The following program structure is typical of table-driven lexical analyzers:

```state = INITIAL_STATE;
for (;;) {
/* do one state transition per iteration */
int ch = getchar(); /* consume one character */
int action = state_table[state][ch].act;
state = state_table[state][ch].next;
switch (action) {

case FIRSTDIGIT: /* ch is the first digit of a number */
value = ch - "0";
break;

case NEXTDIGIT: /* ch is the first digit of a number */
value = (value * 10) + (ch - "0");
break;

}
}
```

The state table in either of the above approaches is typically a statically allocated constant, since we aren't interested in compilers where the lexical structure of the language is a variable. The code to initialize this table is almost always totally unreadable, consisting of many hundreds of constants. Some automatic lexical analyzer construction tools take, as input, a textual description of the lexical rules and produce such a table as output. In this case, programmers do not ever directly manipulate the table, they manipulate the textual description from which the table is generated.

An alternative is to code the state machine in the flow of control of the lexical analyzer. With this approach, the railroad diagram is a flow-chart for the code. Going back to the railroad diagram above, we can derive something like the following:

```char ch = getchar(); /* we work with one character always in hand */
for (;;) {
while ((ch == ' ') || (ch == '\t') || (ch == '\n') || (ch == 'r')) {
/* skip whitespace */
ch = getchar();
}
if (((ch >= 'A') && (ch <= 'Z')) || ((ch >= 'a') && (ch <= 'z')) {
/* found start of identifier */
...
} else if ((ch >= '0') && (ch <= '9')) {
/* found start of number */
value = ch - '0';
ch = getchar();
while ((ch >= '0') && (ch <= '9')) {
/* consume remaining digits */
value = (value * 10) + (ch - '0');
ch = getchar();
}
...
} else ...
}
```

The advantage of the above approach is that it produces legible code that anyone knowledgible in the programming language can edit. The disadvantage of this code is that the formal state machine is lost in the code. A knowledgible reader will note that the code ch=getchar() occurs in very strictly controlled places, always after the previous character has been dealt with and immediately before a choice point in the code. This code integrates the semantic actions (for example, accumulating the values of numbers) with the code to recognize numbers. So long as the properties of interest are simple -- as they are with numbers, this is easy, but in some cases, we might be interested in complex properties where the code for the semantics hides the code for the state machine.

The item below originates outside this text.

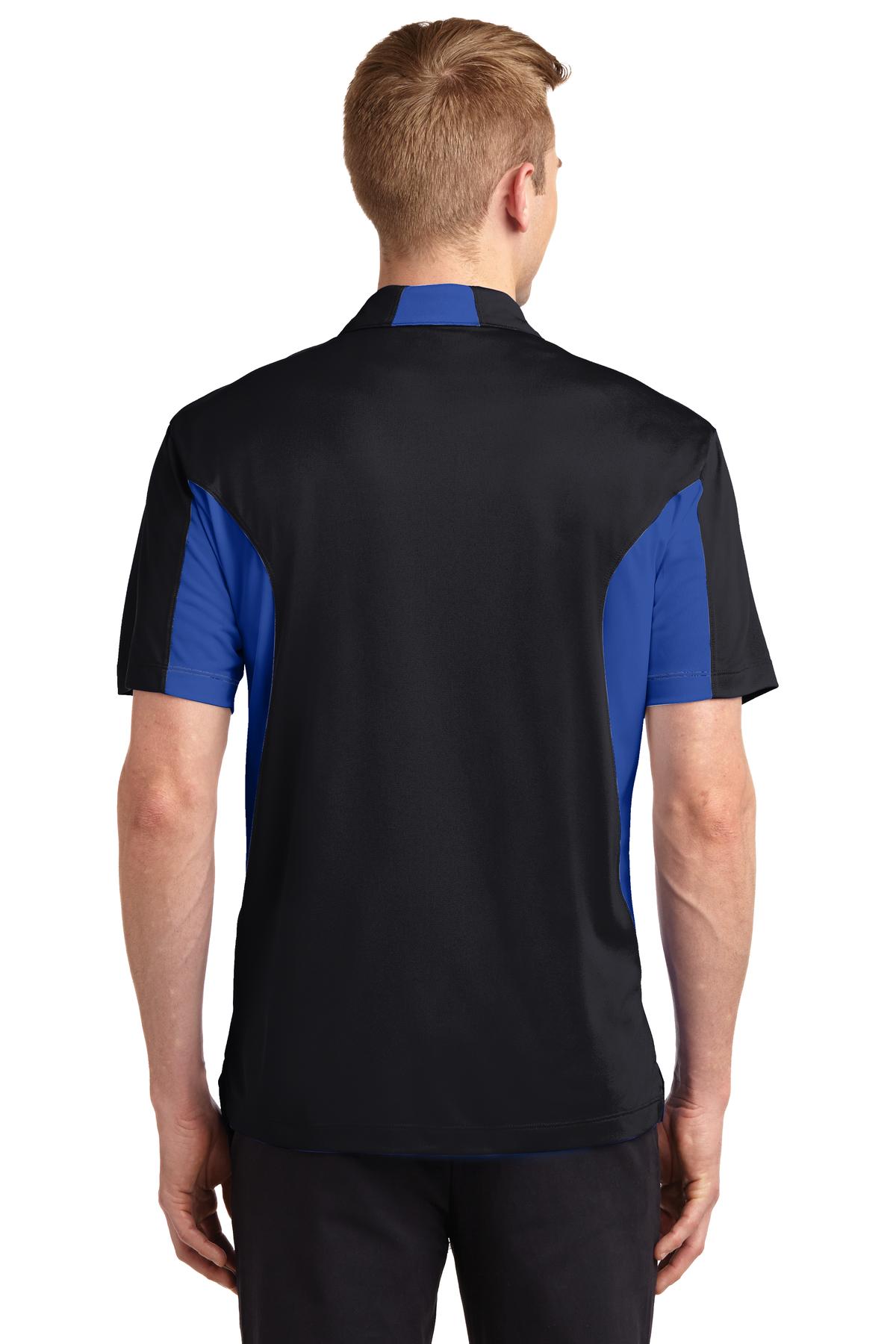 Custom Embroidered Sport-Tek Tall Side Blocked Micropique Sport-Wick Polo. TST655,Black/ True Royal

The above code was written as if the lexical analyzer was the outer loop of the program. This is not a good idea. In most lanugages, the syntax analysis code makes a more appropriate main program, and our goal is to build a lexical analyzer we can call from the syntax analysis system. Our goal, in a production lexical analyzer, therefore, is to offer an interface to the world where a call to (for example) lex_advance() advances one lexeme through the stream of lexemes.

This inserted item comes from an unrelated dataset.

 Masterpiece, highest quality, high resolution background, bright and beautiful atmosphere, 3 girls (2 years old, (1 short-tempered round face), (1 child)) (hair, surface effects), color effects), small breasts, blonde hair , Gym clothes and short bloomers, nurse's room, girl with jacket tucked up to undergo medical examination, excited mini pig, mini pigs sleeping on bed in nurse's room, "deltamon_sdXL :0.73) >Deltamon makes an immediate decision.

The syntax analyzer, therefore, will call lex_advance() each time it is ready to advance one step through the text of the program. In general, the syntax analyzer may need to look not only at the current lexeme, but also at some sliding window of neighboring lexemes. Many programming languages are described by grammars that require looking both at the current lexeme and its successor, for example. In such a case, lex_advance() will advance the window, an operation more complex than merely returning the current lexeme.

Our design effort must also define exactly what a lexeme is, as a data type returned by. That will be the goal of the next lecture.